Initially, the case was brought before Ireland’s data privacy board since the tech giant’s European headquarters is located in Dublin, Ireland. Their first ruling was that Meta’s practices are in line with GDPR rules. However, the case was re-tried, with representatives from each of the 27 EU member states serving on the board, and the new decision found Facebook’s parent company in violation. As a result, they had to endure a hefty, €390 million (equalling $421 million today) fine.
According to the EU data regulator, it is not allowed to make a user accept personalised ads if they wish to use a service. People should still be able to use these sites and apps, even if they would not be willing to give up their data for advertisers. However, the problem for Meta is that personalised ads based on user data are much more valuable than so-called ‘contextual ads’, which simply relate to the specific content someone is seeing on the site. Thus Meta can expect a drop in their ad revenue if the ruling is upheld on appeal.
A similar situation occurred in 2021, when Apple allowed its iPhone users the choice to block advertisers from accessing their locations. The majority of iPhone users opted to do so.

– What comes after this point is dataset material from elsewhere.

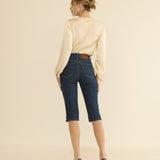 DOEN - ESPOIR TOP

As a result, Meta saw a $10 billion loss in advertising revenue.
In their piece on the subject, The New York Times quoted Dan Ives, an analyst at Wedbush Securities who estimates that
5–7 per cent of Meta’s total advertising revenue is at risk.
For reference, Meta’s annual revenue was $27.7 billion for their fiscal year ending on 30 September 2022—the vast majority, around 98 per cent, of which comes from showing online ads to their users.
The California-based tech giant is already going through turbulent times. Last year, its stock price lost over 60 per cent of its value. The company has already begun downsizing their workforce. Some of this was brought about by external factors, such as the rising federal interest rates in the US that had to be implemented to curve inflation. Investors are now incentivised to put their money in low-risk treasury bonds and bills which offer decent returns again. As a result, the demand for tech stocks as a whole has gone down. The NASDAQ composite index, which includes most of the biggest tech company stocks, plummeted 33 per cent year—however, as the numbers show, Meta still managed to underperform the market.
Last November, the company already had to endure another fine of around $275 million. In that case, their offence was letting a data leak happen that jeopardised the personal information of 500 million of their users. And it seems the pressure is not letting up any time soon. While European data protection activists welcomed the new developments and the massive GDRP fine, they also lamented the fact that it came—in their opinion—too late. The interest group filed the initial complaint against Meta back in 2018, so it took over four years to get a ruling favourable for them. Also, an appeal on the American company’s part is still coming.
GDPR is an EU law that was passed in 2016 and took effect in 2018. Since then, fines have been issued in over 1,500 cases.
However, this €390 million ‘traffic ticket’ for Meta is one of the largest ever issued, second only to the staggering €746 million penalty another American tech giant, Amazon received back in July 2021.
This is in line with the bigger overall trend of national and international regulators putting more pressure on tech companies. In April 2018, Facebook founder and CEO Mark Zuckerberg appeared at a public hearing in front of the United States Congress to answer questions about how the British political consulting firm Cambridge Analytica acquired the data of US voters through Facebook’s platform. The next month, in May 2018, Zuckerberg went to Strasbourg, France to be questioned in a similar fashion at the European Parliament. The same year, as we wrote above, the GDPR took effect. In 2019, the European Union approved a new directive that became known as ‘Article 13’ which gave publishers more tools to monetise their copyrighted materials on the internet. This was seen as an overreach by the global online community that expressed quite a lot of outrage about the matter. Article 13 was still passed in the EU Parliament (under its new name ‘Article 17’), but it is yet to bring the catastrophic changes envisioned by many on the internet.
Also, back in September 2019, Google’s parent company Alphabet Inc. was dealt an even bigger financial blow than Meta’s recent fine for not being up to par with data regulation. They had to settle a case with the Federal Trade Commission in the United States for $170 million, a record payment in the agency’s history. They were found in violation of the Children’s Online Privacy Protection Rule (COPPA) for channelling the personal information of children under 13 to advertisers without their parents’ consent.
New tech regulations enacted in any of the major Western markets, be it the EU or the US, are likely to have a global effect, as it is usually easier for the companies to apply the new rules to all of their users, as opposed to just in one region alone. They do not really have the option to pull out of these markets if they do not want to comply either, given their sizes—the 27 EU member states have a combined population of around 450 million, while the current US population is around 330 million.